Spór o godziny, czyli szambo

Dzisiaj przyjechała pod szkołę szambiarka, bo nam się nagle fekalia przelały. Dwaj panowie zapuścili wąż do szamba i przez bite trzy godziny palili papierosy, nic innego nie robiąc (fekalia ciągnęły się same). A przecież mogli w tym czasie wyrobić dzienny etat nauczyciela. Jak donosi „Gazeta Prawna”, polski nauczyciel pracuje dziennie 2 godziny 42 minuty (zobacz tekst). Gdyby panowie od szambiarki zechcieli, mogliby jeździć tak od szkoły do szkoły, zapuszczać węże w szamba, a w międzyczasie prowadzić lekcje. Nawet różnicy by nie poczuli: i przy szambie, i przy tablicy pracy nie ma żadnej. Przynajmniej wg niektórych mediów.

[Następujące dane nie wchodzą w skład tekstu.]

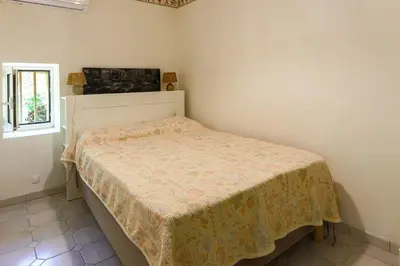 a small bedroom with a bed in a room at Le Gran Cabano sous les oliviers in Saint-Rémy-de-Provence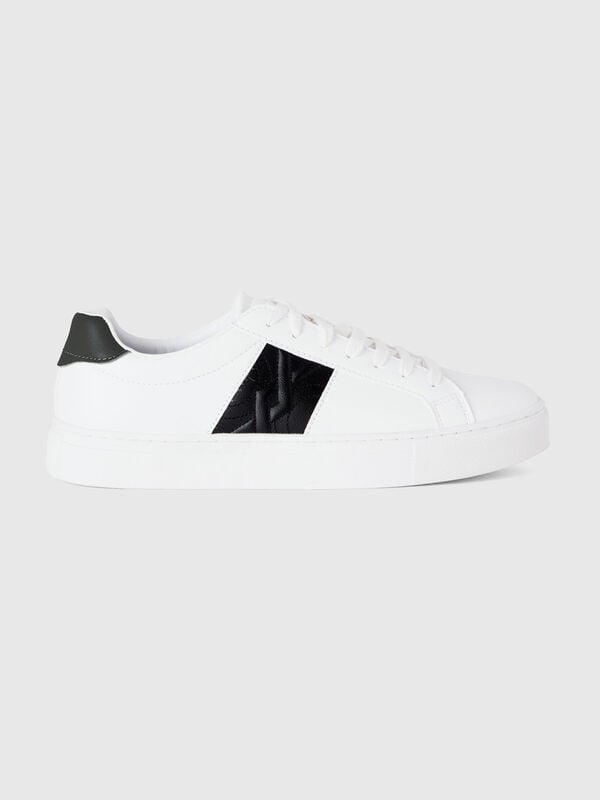 Low-top sneakers with black logo
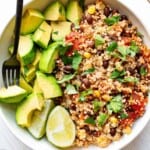Vegan Mexican Quinoa Bake paired with chopped avocado, and fresh lime. Garnished with chopped cilantro.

Strasznie dużo – przepraszam za język – gówna przelewa się przez polskie szkoły. Leją nam ten fetor bez opamiętania niektórzy dziennikarze, że trzeba zamawiać szambiarki. Tradycyjny system oczyszczania ścieków nie radzi sobie z tym zalewem fekaliów. Za dzisiejszą powódź odpowiada „Dziennik. Gazeta Prawna”. Moda na gówniane informacje zatacza coraz szersze kręgi. Zresztą nie ma się czemu dziwić. Jak ktoś zza redaktorskiego biurka obserwuje pracę panów od szambiarki, to wyciąga wniosek, że polega ona tylko na zapuszczaniu węża i paleniu papierosów przez trzy godziny. Można by nawet pomyśleć, że robota przy szambie niczym nie różni się od pracy dziennikarza: i tu, i tu pali się papierosy. Skoro tak, to niech dziennikarze się zamienią z kierowcami szambiarek, a wtedy poczują różnicę – zob. szczegóły oferty. To samo dotyczy oceny pracy nauczyciela. Chcesz poczuć różnicę, to przyjdź pod tablicę i przyjrzyj się z bliska, a wtedy odechce ci się lać gówno.